Minerva is a cool place with cool people, but sometimes I can't help but wonder whether I'll still be friends with some of these people at the end of four years or not. Or two years. Or for the rest of my life.
Friendships naturally start and end, but some last. And more often than not, the ones that last, are your childhood friends- and/or your college ones.
M22 has students from all over the world. There are about 150 of us and 51 distinct nationalities represented. Even if friends from college are the ones that are going to last, how likely is it that after college we will actually see each other very frequently? It just seems probable. I know I should be investing in making friends that are going to last but how probable is it that those people are the ones that will actually take the conscious effort to remember you when you're not right in front of them 24/7?
Some people say that I have too high standards lol. I guess "friend" means a little more to me than it does to most.
We had a sort of dance party thing that SXP organized, and first of all, I don't really fare well in large group gathering things- especially when mass dancing and music is involved. I genuinely try to, and have, on several occasions. But every time, without exception, I can't seem to find myself in that scene. My personality disappears and my character becomes mute and I don't know how to act. Secondly, and more importantly, nearly everyone from our class was present.
I don't know if my friends looked for me, but I definitely looked for them. What I do know is that even if they did look, they weren't the ones that found me.
Most of it I just spent standing by myself awkwardly or, on a special occasion, standing with other people awkwardly.
I think it's totally my fault though. I don't remember who told me this, but I remember someone saying that some people never find their "group" of friends. Some people just end up being the people who float between groups and connect them, and never really belong to just one group.
I remember when the person brought it up, I was very insistent that I was not this person. I was not a floater. I'm cool. I have a group. Kind of. It's still only the first semester, it's just too early to find my group but I know it'll happen eventually.
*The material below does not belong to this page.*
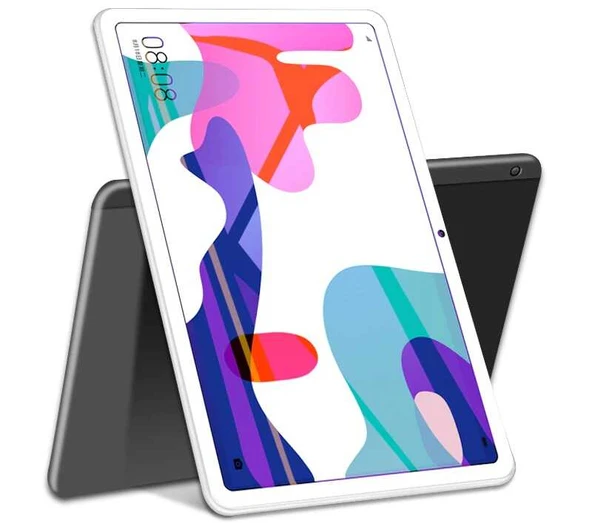 Zore Huawei ile uyumlu MatePad 10.4 Tablet Temperli Cam Ekran Koruyucu - 2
And in highschool I think it kind of did, but it was definitely not in my freshman year, and it definitely took a while for me to believe the group had my back.
I'm hoping it'll be the same in college, but right now the situation don't look so hot :(
I can point to three distinct groups of people that I hang out with regularly. And there are definitely people that I am closer to in some groups than in others, but there is not one group that I feel completely at home in.
I don't feel like no matter when or where, I could call them all to hang out or just be there. At the dance party thing they didn't invite me to join them, and even though I didn't expect them to, I guess a part of me still hoped. Because even if I didn't dance to jumpy pop songs, those cliques do e v e r y t h i n g together, and thus, it made sense why I wasn't in that everything.
Maybe that's the con of being the floater. No one group truly needs you to complete the group. The pro would probably be the diversity of friends and friend groups and the ability to connect groups, but other than that, I don't see much depth in not belonging to a singular group.
I know Ben Nelson always talks about not forming cliques and not hanging out with the same people all the time, but there is a good reason that people do it. Because when you do everything together, you become family, and family always comes first right? If you share all of these common memories, then you have more opportunities for inside jokes, and understood preferences, and nuanced conversations, and ultimately comfort.
It's comfortable to be in a clique.
And right now I don't remember why that's a bad thing.